In this work we present an empirical evaluation of the image enhancement in the specific context of unsupervised image retrieval. In this framework, image enhancement is often needed to provide a rich and reliable description of the visual content to be matched under many different circumstances, including difficult conditions due for instance to a wrong set-up of the camera parameters (e.g. low resolution or low exposure time) or to bad illumination (e.g low-light or back-light) that may adversely affect the detail visibility. In our study, we consider six image enhancers and two image retrieval algorithms. We use each enhancer as pre-processing step of each retrieval routine and we study how the enhancement affects the retrieval performance on a set of images with and without enhancement. To this purpose, we analyze how improving a set of perceptual features (i.e. image brightness, contrast, regularity and color distribution entropy) may influence the retrieval performance that is here measured in terms of number of image descriptors, correct matches and their spatial distribution, and retrieval dissimilarity score.

The enhancers considered here have been chosen among many others available in the literature since they are representative of three different methodologies: statistical local or global analysis (histogram equalization (HE) and contrast-limited adaptive histogram equalization (CLAHE)), spatial color processing with random or deterministic feature sampling (the Milano Retinex algorithms Light-RSR [4] and STAR [13]), and reflectance/illuminance image decomposition in constrained domains (LIME [8] and NPEA [20]).

The image description and matching algorithms used here are SIFT [14] and ORB [5], two well known and widely employed methods that, just because based on key-point extraction, require a good visibility of the image details.

We conducted our empirical analysis on the dataset MEXICO recently published on the net [3]. This dataset consists of 40 scenes of real-world indoor and outdoor environments characterized by issues challenging for both the enhancement and retrieval tasks, like the co-existence of dark and bright regions at different proportions, back-light, shadows, chromatic dominants of the illuminant, presence regions with different granularity, from uniform to highly textured.

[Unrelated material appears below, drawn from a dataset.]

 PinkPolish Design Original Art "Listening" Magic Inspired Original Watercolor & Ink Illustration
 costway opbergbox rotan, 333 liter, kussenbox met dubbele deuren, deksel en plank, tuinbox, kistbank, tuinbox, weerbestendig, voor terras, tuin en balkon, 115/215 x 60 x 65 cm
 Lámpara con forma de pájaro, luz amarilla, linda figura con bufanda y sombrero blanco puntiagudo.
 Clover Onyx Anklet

Our study entails the following contributions: (1) it shows that image retrieval benefits from image enhancement, that enables a richer and more uniform description and matching; (2) it provides a general scheme to evaluate and characterize any image enhancer from an application viewpoint; (3) it promotes an aware use of enhancement techniques in the important field of image description and comparison; (4) finally, since carried out on a public image dataset, it enables further comparison with other methods.

2 Evaluated Algorithms for Image Enhancement

In this Section we briefly describe the six image enhancers considered in our empirical analysis. In the following, we grouped them in three classes upon the methodology and the assumptions they use.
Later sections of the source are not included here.